### REQUIRED ACTION
Could you reproduce, from the records below, everything from the line with "Studio Apartment Legacy - Photo 12" down to the line with "我们爱你 你知道吗 很爱的那种 你知道吗", keeping both of those lines and changing nothing?

### DATA FOR PROCESSING
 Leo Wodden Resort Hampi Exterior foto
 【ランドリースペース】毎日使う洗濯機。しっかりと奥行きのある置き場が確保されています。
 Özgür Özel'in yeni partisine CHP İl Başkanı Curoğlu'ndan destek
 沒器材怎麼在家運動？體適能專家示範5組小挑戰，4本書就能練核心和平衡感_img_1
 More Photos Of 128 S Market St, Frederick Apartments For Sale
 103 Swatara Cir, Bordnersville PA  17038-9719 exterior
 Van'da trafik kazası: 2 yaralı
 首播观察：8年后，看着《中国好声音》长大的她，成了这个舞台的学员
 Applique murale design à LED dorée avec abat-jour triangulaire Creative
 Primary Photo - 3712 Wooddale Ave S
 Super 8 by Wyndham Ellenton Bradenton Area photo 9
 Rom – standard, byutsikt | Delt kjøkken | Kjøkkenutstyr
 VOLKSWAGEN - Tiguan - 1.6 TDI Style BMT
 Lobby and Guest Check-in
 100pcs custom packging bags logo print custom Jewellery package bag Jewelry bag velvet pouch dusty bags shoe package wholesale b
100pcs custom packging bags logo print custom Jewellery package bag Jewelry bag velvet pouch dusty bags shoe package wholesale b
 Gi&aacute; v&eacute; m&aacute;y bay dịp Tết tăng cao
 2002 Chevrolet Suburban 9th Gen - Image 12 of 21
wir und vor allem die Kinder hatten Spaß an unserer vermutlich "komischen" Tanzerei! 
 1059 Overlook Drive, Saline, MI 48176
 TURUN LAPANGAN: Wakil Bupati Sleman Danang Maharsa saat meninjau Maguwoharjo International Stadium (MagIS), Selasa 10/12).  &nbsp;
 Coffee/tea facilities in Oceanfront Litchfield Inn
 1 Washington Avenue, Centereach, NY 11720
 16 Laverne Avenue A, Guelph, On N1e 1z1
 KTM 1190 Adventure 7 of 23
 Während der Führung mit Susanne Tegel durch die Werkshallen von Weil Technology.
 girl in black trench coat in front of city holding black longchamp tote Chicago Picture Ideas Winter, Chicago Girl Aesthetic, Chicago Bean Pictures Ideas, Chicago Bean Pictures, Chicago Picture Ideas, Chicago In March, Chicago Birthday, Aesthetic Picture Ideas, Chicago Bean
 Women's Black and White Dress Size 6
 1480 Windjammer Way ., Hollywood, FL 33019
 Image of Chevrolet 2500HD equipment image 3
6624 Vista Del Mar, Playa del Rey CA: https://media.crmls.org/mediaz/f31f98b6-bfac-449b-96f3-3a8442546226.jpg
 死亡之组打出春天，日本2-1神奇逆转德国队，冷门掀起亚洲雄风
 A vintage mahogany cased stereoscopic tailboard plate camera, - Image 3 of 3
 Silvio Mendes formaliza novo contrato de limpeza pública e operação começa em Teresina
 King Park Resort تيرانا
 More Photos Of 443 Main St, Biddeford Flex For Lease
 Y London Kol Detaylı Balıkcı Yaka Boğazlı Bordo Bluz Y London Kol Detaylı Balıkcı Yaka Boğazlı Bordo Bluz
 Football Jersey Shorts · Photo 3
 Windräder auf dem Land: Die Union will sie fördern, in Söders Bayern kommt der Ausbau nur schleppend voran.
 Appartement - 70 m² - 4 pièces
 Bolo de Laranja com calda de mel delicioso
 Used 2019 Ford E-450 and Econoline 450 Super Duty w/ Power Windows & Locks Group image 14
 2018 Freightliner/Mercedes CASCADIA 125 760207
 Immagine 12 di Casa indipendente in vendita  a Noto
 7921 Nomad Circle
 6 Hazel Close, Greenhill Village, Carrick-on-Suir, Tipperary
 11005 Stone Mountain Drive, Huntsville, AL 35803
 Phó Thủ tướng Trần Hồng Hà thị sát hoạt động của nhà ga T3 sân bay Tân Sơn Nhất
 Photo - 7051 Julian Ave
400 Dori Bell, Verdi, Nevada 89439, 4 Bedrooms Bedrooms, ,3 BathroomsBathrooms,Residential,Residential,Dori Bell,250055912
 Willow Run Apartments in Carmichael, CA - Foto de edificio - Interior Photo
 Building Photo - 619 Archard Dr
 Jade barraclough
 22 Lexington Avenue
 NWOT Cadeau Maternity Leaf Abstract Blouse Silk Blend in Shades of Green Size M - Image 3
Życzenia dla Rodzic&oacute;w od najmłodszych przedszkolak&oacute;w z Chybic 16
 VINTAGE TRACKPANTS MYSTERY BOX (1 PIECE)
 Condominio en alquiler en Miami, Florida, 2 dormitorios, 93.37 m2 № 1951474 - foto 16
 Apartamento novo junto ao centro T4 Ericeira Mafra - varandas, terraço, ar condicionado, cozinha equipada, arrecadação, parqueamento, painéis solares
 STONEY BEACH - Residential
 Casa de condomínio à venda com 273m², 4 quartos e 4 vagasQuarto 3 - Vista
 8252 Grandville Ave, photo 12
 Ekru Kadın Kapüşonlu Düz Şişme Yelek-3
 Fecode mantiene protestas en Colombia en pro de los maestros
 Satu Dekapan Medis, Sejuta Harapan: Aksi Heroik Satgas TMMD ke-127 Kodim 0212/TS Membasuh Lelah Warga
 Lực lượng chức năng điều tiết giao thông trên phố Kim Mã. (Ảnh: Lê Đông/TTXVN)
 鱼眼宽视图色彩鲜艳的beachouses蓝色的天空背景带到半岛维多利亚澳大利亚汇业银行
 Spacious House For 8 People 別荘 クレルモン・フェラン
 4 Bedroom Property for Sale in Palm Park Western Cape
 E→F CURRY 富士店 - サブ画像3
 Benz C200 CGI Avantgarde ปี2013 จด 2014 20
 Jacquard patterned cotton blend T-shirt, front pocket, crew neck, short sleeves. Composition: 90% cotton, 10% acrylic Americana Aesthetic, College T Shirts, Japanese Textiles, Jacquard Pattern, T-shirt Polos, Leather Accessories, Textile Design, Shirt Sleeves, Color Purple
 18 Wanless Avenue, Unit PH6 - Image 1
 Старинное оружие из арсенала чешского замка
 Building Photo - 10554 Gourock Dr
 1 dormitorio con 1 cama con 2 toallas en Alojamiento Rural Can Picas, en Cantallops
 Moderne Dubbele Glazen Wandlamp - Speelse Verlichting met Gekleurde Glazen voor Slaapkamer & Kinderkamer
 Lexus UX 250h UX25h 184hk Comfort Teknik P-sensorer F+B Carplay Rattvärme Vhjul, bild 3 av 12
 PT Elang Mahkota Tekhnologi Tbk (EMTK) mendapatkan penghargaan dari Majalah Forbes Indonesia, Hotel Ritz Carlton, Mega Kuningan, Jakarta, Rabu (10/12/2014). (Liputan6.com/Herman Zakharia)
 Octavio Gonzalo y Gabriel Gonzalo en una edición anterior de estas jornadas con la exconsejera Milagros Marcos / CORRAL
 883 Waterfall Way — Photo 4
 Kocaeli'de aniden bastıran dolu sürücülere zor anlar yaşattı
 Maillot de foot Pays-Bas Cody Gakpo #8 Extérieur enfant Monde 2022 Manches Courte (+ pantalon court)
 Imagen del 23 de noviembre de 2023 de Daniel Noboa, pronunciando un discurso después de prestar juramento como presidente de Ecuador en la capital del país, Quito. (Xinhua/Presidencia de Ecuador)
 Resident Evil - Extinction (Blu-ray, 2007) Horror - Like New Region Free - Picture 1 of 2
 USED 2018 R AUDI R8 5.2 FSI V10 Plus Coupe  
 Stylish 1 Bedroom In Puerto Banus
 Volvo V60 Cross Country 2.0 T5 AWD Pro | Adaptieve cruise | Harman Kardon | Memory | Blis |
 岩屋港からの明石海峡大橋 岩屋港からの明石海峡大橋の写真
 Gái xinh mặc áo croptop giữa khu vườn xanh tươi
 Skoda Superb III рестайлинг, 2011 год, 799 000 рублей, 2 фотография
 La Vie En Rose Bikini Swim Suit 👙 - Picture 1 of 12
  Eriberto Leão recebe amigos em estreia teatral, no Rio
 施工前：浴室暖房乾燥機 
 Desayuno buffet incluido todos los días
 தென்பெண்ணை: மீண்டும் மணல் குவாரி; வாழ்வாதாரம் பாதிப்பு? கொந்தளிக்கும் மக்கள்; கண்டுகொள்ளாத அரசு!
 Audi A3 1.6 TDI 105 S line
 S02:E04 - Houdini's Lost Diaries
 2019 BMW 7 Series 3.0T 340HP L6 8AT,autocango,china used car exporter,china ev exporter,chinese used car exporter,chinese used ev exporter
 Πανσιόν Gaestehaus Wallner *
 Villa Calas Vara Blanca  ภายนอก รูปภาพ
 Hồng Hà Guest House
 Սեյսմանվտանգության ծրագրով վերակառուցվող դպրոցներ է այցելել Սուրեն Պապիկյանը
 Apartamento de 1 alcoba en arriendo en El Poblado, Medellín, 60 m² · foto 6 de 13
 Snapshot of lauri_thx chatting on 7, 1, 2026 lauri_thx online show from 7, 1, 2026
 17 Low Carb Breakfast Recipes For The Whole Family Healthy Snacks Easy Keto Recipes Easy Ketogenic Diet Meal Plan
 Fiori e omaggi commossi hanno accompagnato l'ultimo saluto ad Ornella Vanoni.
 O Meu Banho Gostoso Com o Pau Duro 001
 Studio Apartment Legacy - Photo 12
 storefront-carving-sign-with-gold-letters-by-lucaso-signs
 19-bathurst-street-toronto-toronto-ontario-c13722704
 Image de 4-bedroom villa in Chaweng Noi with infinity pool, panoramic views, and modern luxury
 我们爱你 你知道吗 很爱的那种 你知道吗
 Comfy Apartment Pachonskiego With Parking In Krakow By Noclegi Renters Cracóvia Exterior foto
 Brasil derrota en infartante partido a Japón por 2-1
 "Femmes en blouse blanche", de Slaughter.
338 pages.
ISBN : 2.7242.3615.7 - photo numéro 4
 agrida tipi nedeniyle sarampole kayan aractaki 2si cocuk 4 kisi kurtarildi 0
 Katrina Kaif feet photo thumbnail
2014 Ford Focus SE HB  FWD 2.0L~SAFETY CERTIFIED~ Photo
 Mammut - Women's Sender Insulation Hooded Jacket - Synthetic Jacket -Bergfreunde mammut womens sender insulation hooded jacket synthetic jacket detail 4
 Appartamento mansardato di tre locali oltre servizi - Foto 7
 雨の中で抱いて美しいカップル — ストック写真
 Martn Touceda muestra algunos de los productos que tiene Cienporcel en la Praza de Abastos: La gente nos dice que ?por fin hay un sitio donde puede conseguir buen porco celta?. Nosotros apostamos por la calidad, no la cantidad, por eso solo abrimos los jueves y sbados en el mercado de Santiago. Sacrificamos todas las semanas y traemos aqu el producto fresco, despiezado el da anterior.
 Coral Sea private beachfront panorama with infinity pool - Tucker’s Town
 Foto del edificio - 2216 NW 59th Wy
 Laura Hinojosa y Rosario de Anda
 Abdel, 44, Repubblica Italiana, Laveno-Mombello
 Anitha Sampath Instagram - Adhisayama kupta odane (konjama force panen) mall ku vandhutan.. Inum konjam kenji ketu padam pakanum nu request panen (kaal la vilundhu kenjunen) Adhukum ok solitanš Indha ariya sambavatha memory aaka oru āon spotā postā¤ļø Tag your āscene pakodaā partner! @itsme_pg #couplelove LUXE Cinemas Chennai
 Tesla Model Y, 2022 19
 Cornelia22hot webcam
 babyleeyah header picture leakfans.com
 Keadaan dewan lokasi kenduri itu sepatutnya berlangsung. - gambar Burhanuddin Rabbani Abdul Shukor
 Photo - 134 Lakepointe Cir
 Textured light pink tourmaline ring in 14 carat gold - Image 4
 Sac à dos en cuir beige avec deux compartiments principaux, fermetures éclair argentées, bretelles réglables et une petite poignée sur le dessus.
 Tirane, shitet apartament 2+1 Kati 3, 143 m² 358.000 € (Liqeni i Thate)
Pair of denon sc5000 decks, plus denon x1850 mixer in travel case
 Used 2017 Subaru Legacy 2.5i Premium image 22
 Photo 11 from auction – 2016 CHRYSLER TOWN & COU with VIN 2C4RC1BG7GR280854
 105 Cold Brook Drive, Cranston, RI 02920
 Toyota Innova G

### ANSWER BOX
 Studio Apartment Legacy - Photo 12
 storefront-carving-sign-with-gold-letters-by-lucaso-signs
 19-bathurst-street-toronto-toronto-ontario-c13722704
 Image de 4-bedroom villa in Chaweng Noi with infinity pool, panoramic views, and modern luxury
 我们爱你 你知道吗 很爱的那种 你知道吗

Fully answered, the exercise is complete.